A partner once noted that a common mistake they see in Endpoint Detection Response (EDR) deployments is policy sprawl – too many policies, sometimes conflicting – making it difficult to manage or track what is being enforced.
It’s predictable problem – endpoint workloads are likely the most diverse in the organization. It is tempting to reflect that complexity in the EDR policy. It is natural to want to create a “Web Servers Policy” or “Accounting Workstations Policy” or some other “community” grouping of endpoints types – and build unique policies around them.
However, if you have read my previous postings – you know that community-based policy structures are the most wrongheaded (and unfortunately common) approaches to policy creation and structure across nearly all security services.
As reminder – communities are fluid within organizations. “Web Servers” or “Accounting Workstations” sound like fairly static communities – until new applications or new acquisitions inevitably arise – and a new policy needs to be created to accommodate the nuance or change.
Also, the community isn’t important at the policy level – it is the security posture that we need to understand.

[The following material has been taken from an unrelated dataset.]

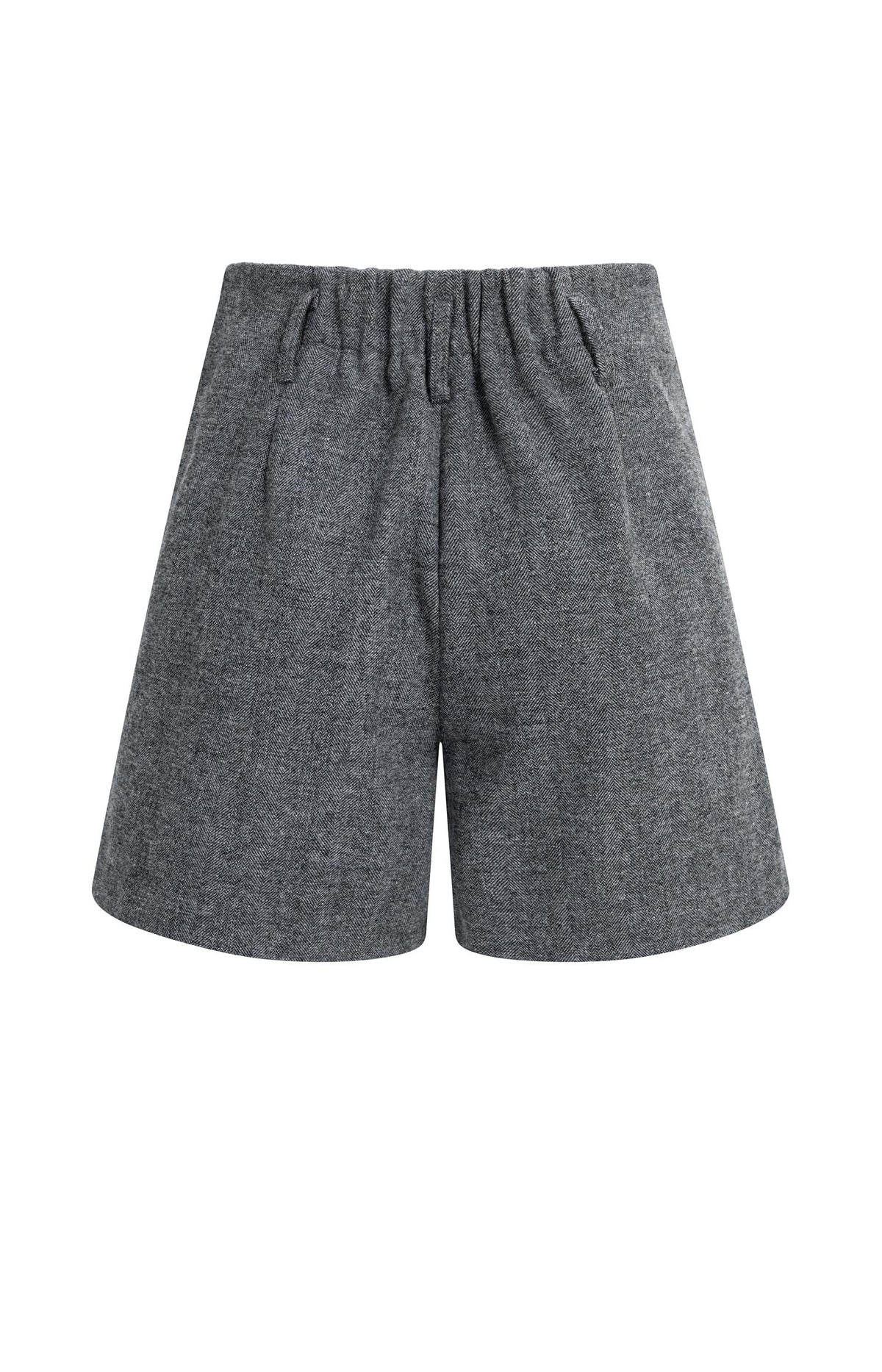 Bermuda shorts in melange herringbone fabric - Medium Grey Melange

Policies should be named and managed by what entitlements the security services enforce.
Enforcement profiles can be applied to various community groupings – and they can be very dynamic – but that dynamism doesn’t have to occur at the policy structure itself.
As a simple example – perhaps Next-Gen Anti-virus has to be disabled for Accounting workstations at subsidiary – and for legacy Web Servers – as both are running some form of (maybe even different) legacy signature-based AV.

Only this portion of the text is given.